ON THURSDAY, we'll hear more details on Mayor Kenney's budget proposals, and we're betting that the aftermath of his address to Council will focus on his reach back into the recent past to enact a tax on sugary beverages - shorthandedly referred to as the "soda tax." The $400 million he projects it will generate will go to funding pre-K and other programs.

We imagine predictable lines of outrage: over the "nanny state" that penalizes people for unhealthy behaviors, over the greedy government that will tax the population until no one is left, over City Hall that ought to live within its means.

We've had a dress rehearsal, after all, in 2010, when Mayor Nutter proposed a similar tax.

Five years ago, Nutter pushed his proposed 2-cents-per-ounce tax on sugary beverages under a health banner that would address obesity. A worthy goal, but since the city can't impose a directed sales tax without approval from Harrisburg, it would have been an excise tax on retailers who sell sugary drinks. Given the accounting headaches of calculating sugared drinks sales, it was assumed retailers would spread the hike across all products, not just sugared soda - ultimately diluting the impact on health.

Kenney's tax would be imposed on distributors, not retailers. So the result - that the price hike is likely to be spread across all beverages - means the actual impact on health is harder to track . . . although in the years since 2010, it's become clearer that diet sodas carry big health risks, too.

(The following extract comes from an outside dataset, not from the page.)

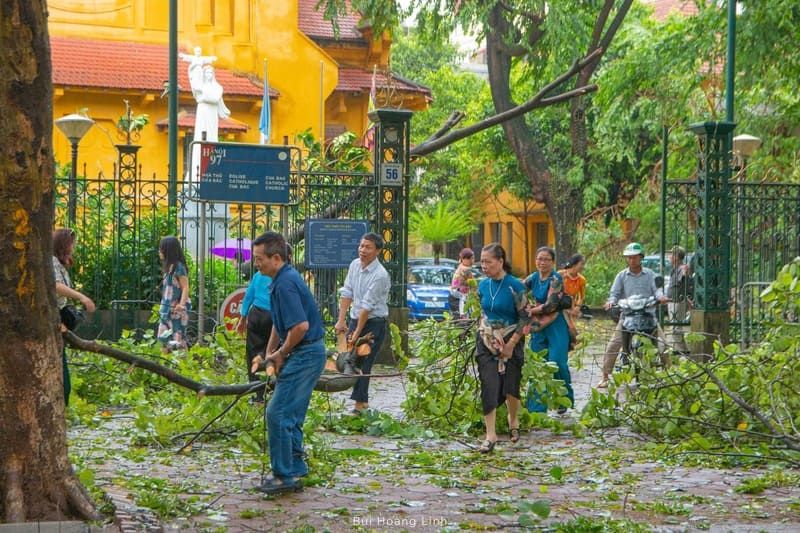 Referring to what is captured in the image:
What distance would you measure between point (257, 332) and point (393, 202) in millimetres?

That's one of the reasons we could favor the tax this time around. The health problems of obesity, diabetes and other ills from empty calories and chemicals carries a high price for all of us.

Another reason: Back in 2010, Council killed the soda tax and opted instead for a 9.9 percent property tax. Taxing empty calories instead of people's homes strikes us as the lesser of two evils.

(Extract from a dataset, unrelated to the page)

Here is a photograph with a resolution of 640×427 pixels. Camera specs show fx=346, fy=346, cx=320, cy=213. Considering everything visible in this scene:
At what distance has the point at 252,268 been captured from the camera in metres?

The screaming will be loud, and not only from the beverage industry, which is already claiming jobs will be lost. We are addicted to sugar, and the city consumes up to 33 gallons of sugared beverages a year per person. That's according to the Rudd Center, a food policy and obesity center at the University of Connecticut, one of the sources the city has used in researching the impact of sugared beverage taxes. Rudd is a champion of such a tax, and provides handy calculators that measure sugary beverage consumption, as well as projections on how much money a 1-penny-per ounce tax could generate. Kenney's proposal is for 3 cents per ounce, which is higher than any city has imposed.

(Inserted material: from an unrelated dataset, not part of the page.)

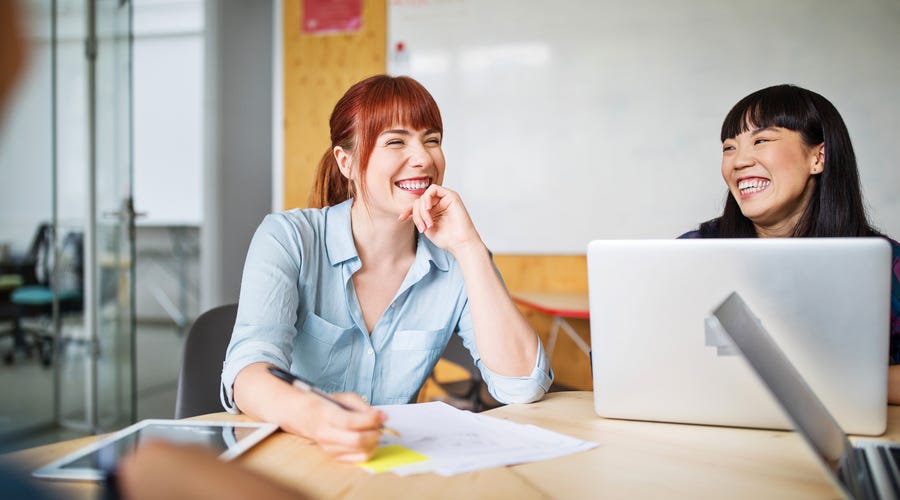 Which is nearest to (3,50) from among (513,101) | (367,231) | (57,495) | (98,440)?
(57,495)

Still, based on the average consumption of the overly wired cola drinkers in the city, the tax represents about $120 a year. That's if the 3 cents-per-ounce tax passes, hardly a sure thing.

It's hard to buy that the tax will alter consumption significantly. We want sugar, and we'll pay for it. Next time you take in a movie and settle in with your soda and popcorn, consider that large soda for which you paid over $6 cost the theater about 50 cents. That's the high price you pay for entertainment. The soda tax isn't nearly as high as a movie theater price markup, and will pay for worthwhile programs like pre-K.

In the end, how else should we be raising funds to improve the lives of the city's children?